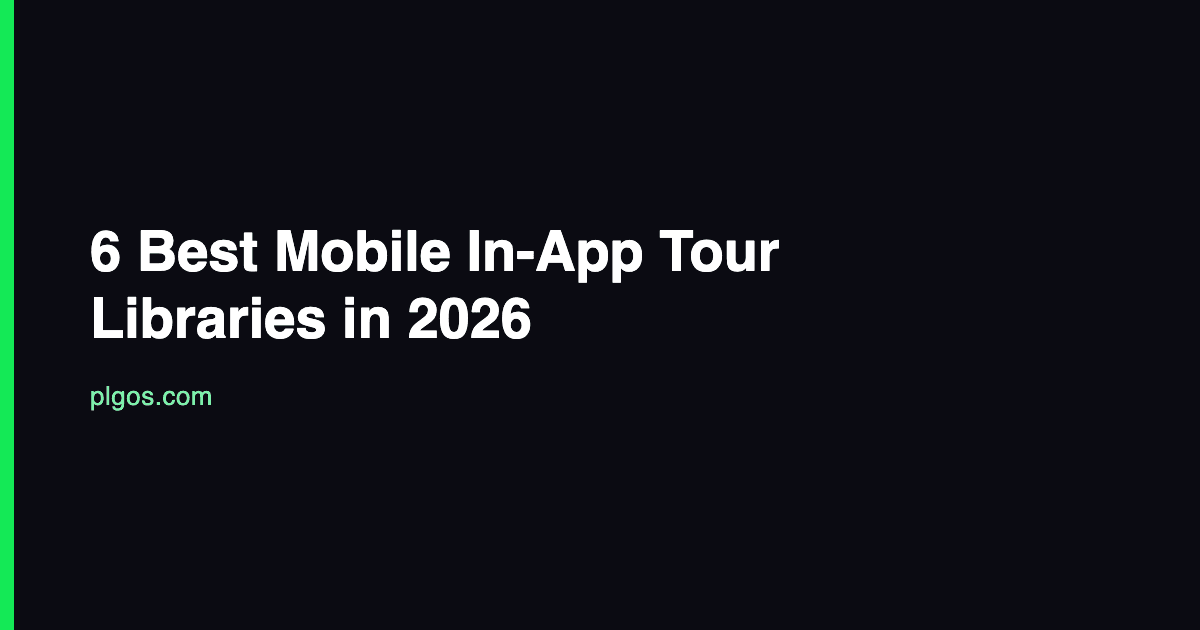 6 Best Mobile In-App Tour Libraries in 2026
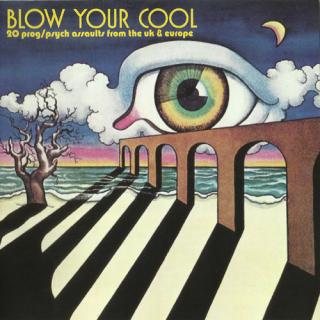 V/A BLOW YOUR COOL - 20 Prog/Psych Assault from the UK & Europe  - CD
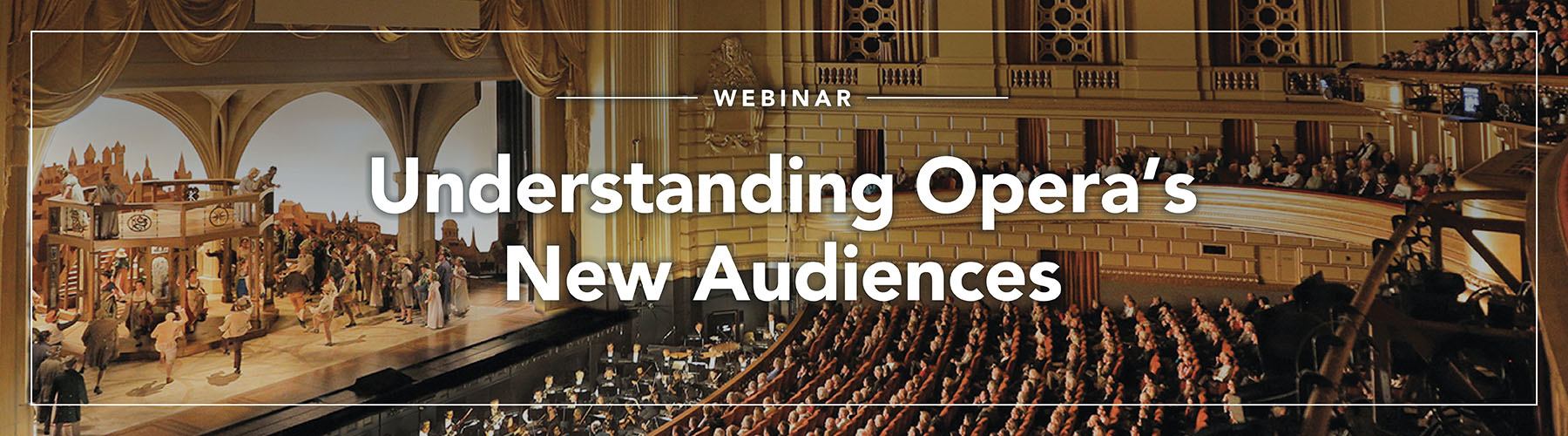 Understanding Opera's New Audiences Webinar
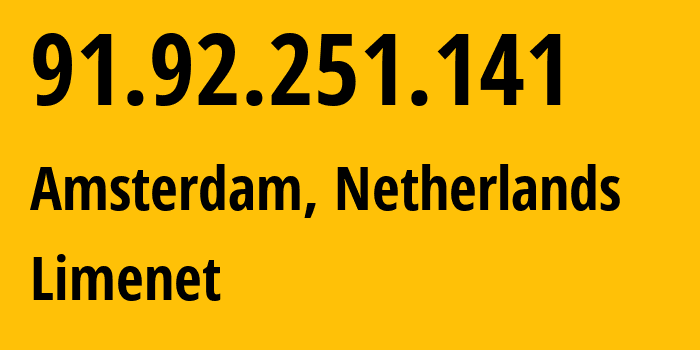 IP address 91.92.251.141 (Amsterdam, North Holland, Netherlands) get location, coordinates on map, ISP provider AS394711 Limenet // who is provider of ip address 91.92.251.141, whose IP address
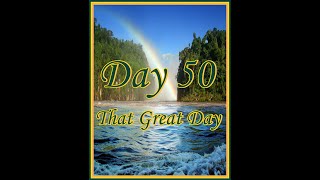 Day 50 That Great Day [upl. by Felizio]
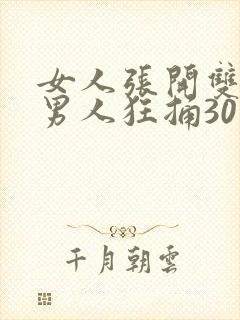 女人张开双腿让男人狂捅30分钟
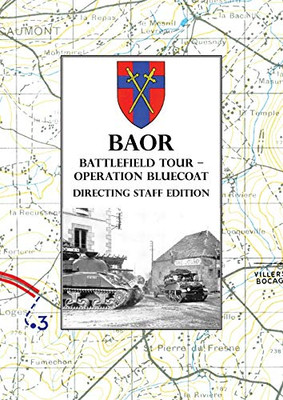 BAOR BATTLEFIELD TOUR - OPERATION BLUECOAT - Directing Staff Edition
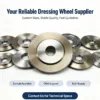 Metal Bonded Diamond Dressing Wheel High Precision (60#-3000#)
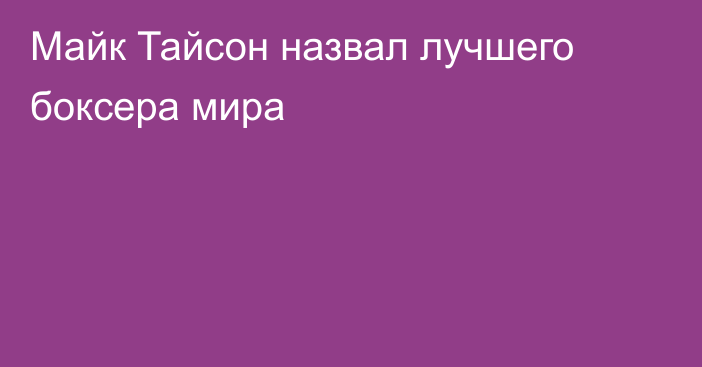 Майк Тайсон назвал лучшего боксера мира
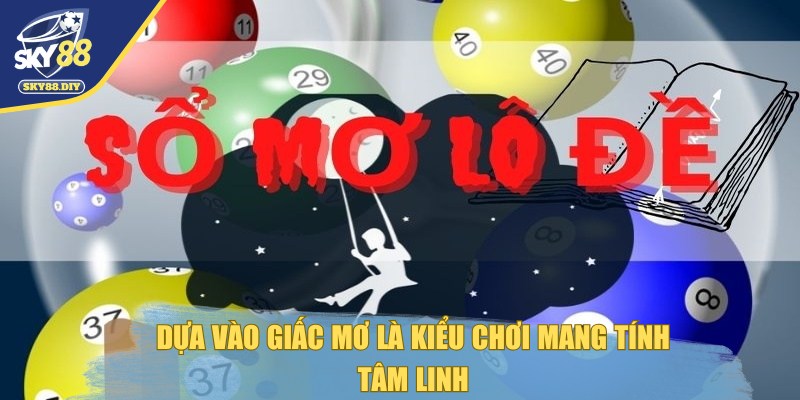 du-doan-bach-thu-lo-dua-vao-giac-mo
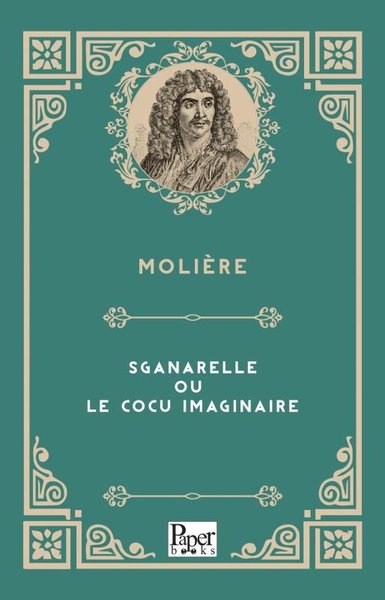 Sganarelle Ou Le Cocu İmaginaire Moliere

#####

**WHAT THIS TASK INVOLVES**: Give again exactly the lines from the one that contains "BAOR BATTLEFIELD TOUR" through the end of the material, both ends included, omitting the pictures.

**OUTPUT FOR THIS EXERCISE**:
 BAOR BATTLEFIELD TOUR - OPERATION BLUECOAT - Directing Staff Edition
 Metal Bonded Diamond Dressing Wheel High Precision (60#-3000#)
 Майк Тайсон назвал лучшего боксера мира
 du-doan-bach-thu-lo-dua-vao-giac-mo
 Sganarelle Ou Le Cocu İmaginaire Moliere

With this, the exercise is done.